> [PROBLEM REQUIREMENTS]
Even the shortest line counts, so transcribe all the data exactly.

Top of SOURCE MATERIAL

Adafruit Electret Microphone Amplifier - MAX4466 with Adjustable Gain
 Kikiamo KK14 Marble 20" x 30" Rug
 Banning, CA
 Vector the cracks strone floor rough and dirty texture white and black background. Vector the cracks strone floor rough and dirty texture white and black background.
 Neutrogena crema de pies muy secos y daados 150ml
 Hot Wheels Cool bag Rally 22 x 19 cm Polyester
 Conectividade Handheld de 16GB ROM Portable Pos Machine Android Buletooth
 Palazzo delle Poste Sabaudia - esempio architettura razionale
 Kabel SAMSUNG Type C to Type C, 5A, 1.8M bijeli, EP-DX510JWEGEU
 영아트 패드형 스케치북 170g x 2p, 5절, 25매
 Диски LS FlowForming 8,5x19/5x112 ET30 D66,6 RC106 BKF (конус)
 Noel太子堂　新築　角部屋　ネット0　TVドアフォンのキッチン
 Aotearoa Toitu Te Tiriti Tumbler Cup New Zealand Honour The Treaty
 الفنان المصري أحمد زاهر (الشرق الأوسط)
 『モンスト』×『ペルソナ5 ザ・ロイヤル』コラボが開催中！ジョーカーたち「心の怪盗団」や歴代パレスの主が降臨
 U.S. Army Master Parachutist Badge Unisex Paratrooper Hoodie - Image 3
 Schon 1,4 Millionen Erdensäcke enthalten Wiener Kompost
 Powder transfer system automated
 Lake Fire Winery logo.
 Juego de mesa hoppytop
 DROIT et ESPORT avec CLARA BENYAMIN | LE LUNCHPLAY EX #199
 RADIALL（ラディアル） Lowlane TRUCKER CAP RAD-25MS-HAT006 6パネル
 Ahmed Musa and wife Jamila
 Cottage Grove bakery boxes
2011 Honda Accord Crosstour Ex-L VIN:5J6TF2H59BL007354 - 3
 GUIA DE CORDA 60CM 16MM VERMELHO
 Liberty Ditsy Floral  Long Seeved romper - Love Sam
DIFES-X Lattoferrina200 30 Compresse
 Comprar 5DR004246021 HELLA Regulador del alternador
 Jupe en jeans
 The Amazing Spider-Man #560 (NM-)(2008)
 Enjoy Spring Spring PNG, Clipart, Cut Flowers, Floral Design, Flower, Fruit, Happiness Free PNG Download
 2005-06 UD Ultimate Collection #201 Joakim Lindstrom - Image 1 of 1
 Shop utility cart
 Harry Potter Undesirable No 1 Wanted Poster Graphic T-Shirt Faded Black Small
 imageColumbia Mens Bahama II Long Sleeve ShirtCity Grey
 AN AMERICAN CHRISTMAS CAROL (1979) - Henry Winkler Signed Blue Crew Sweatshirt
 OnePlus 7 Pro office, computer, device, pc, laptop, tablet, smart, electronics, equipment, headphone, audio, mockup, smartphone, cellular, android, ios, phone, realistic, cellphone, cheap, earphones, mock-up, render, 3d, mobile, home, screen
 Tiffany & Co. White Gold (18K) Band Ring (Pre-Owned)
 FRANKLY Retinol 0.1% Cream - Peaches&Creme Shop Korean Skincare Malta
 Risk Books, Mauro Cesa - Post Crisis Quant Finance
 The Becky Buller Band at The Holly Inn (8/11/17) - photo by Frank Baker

Bottom of SOURCE MATERIAL

> [EXERCISE OUTPUT]
Adafruit Electret Microphone Amplifier - MAX4466 with Adjustable Gain
 Kikiamo KK14 Marble 20" x 30" Rug
 Banning, CA
 Vector the cracks strone floor rough and dirty texture white and black background. Vector the cracks strone floor rough and dirty texture white and black background.
 Neutrogena crema de pies muy secos y daados 150ml
 Hot Wheels Cool bag Rally 22 x 19 cm Polyester
 Conectividade Handheld de 16GB ROM Portable Pos Machine Android Buletooth
 Palazzo delle Poste Sabaudia - esempio architettura razionale
 Kabel SAMSUNG Type C to Type C, 5A, 1.8M bijeli, EP-DX510JWEGEU
 영아트 패드형 스케치북 170g x 2p, 5절, 25매
 Диски LS FlowForming 8,5x19/5x112 ET30 D66,6 RC106 BKF (конус)
 Noel太子堂　新築　角部屋　ネット0　TVドアフォンのキッチン
 Aotearoa Toitu Te Tiriti Tumbler Cup New Zealand Honour The Treaty
 الفنان المصري أحمد زاهر (الشرق الأوسط)
 『モンスト』×『ペルソナ5 ザ・ロイヤル』コラボが開催中！ジョーカーたち「心の怪盗団」や歴代パレスの主が降臨
 U.S. Army Master Parachutist Badge Unisex Paratrooper Hoodie - Image 3
 Schon 1,4 Millionen Erdensäcke enthalten Wiener Kompost
 Powder transfer system automated
 Lake Fire Winery logo.
 Juego de mesa hoppytop
 DROIT et ESPORT avec CLARA BENYAMIN | LE LUNCHPLAY EX #199
 RADIALL（ラディアル） Lowlane TRUCKER CAP RAD-25MS-HAT006 6パネル
 Ahmed Musa and wife Jamila
 Cottage Grove bakery boxes
2011 Honda Accord Crosstour Ex-L VIN:5J6TF2H59BL007354 - 3
 GUIA DE CORDA 60CM 16MM VERMELHO
 Liberty Ditsy Floral  Long Seeved romper - Love Sam
DIFES-X Lattoferrina200 30 Compresse
 Comprar 5DR004246021 HELLA Regulador del alternador
 Jupe en jeans
 The Amazing Spider-Man #560 (NM-)(2008)
 Enjoy Spring Spring PNG, Clipart, Cut Flowers, Floral Design, Flower, Fruit, Happiness Free PNG Download
 2005-06 UD Ultimate Collection #201 Joakim Lindstrom - Image 1 of 1
 Shop utility cart
 Harry Potter Undesirable No 1 Wanted Poster Graphic T-Shirt Faded Black Small
 imageColumbia Mens Bahama II Long Sleeve ShirtCity Grey
 AN AMERICAN CHRISTMAS CAROL (1979) - Henry Winkler Signed Blue Crew Sweatshirt
 OnePlus 7 Pro office, computer, device, pc, laptop, tablet, smart, electronics, equipment, headphone, audio, mockup, smartphone, cellular, android, ios, phone, realistic, cellphone, cheap, earphones, mock-up, render, 3d, mobile, home, screen
 Tiffany & Co. White Gold (18K) Band Ring (Pre-Owned)
 FRANKLY Retinol 0.1% Cream - Peaches&Creme Shop Korean Skincare Malta
 Risk Books, Mauro Cesa - Post Crisis Quant Finance
 The Becky Buller Band at The Holly Inn (8/11/17) - photo by Frank Baker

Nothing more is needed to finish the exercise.